Free Android apps earn a fee every time some one clicks on the ads that are displayed with-in the app. Professor Xuxian Jiang, the North Carolina professor who carried out the research, thinks that there is a major flaw with this business model, where apps are allowed to provide access to advertising libraries in order to make money.
The study was carried out by analysing 100,000 apps randomly chosen from Google Play (previously Android Market). Upon research it was found out that these apps could share the permissions acquired from the user to access personal data with these ad libraries, thus rendering them completely unsafe, where they may access private data without the user ever knowing it.
Moreover, almost half of these apps and the ad libraries they used constantly tracked user’s GPS location, around 20,000 retrieved the phone’s identity (its IMEI number), while about 4000 of them let the advertisers gain on user’s location via GPS and the same number of apps were found to be accessing the phone number.
Although there was no clue of malicious activity on part of any of these apps , there was one library ‘energysource’ that allowed code to be insecurely downloaded from the internet which could be executed.

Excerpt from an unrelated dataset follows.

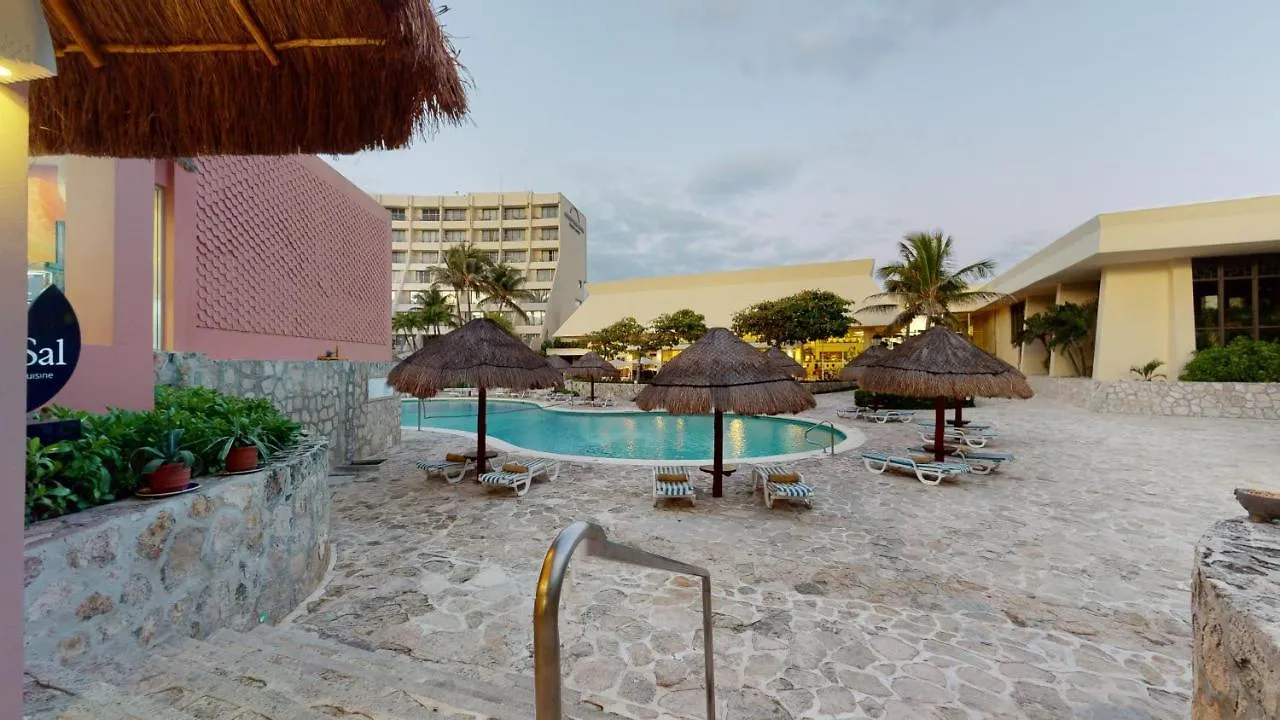 Üdülőközpont Grand Park Royal Cancun Hotel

This is what makes it a point of concern where many of these libraries allow code to be executed coming from the internet which can easily be targeted by malicious users to run an infected piece of code on the smartphone.

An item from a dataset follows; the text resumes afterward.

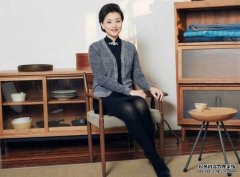 貌美睿智的才女杨澜，英语水平可以胜任同声翻译，她有何妙招？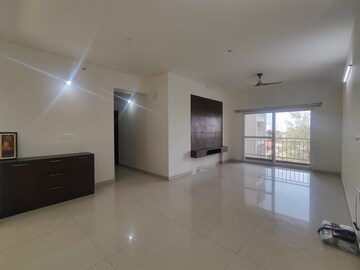 Room in 3 BHK Apartment at DNR Atmosphere, Varthur – for Sale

For the said reasons, it was emphasized for developers to find ways to isolate the method of granting permissions to these apps and ad libraries, so that they have to separately ask for user permission before accessing the private data.
Meanwhile, it was found out in a separate research carried out by Abhinav Pathak, a computer scientist at Purdue University, that these ad libraries also act as battery drainers where they suck-out about three-quarters of the battery juice just to retrieve ads and constantly transmit user data back to the advertisers.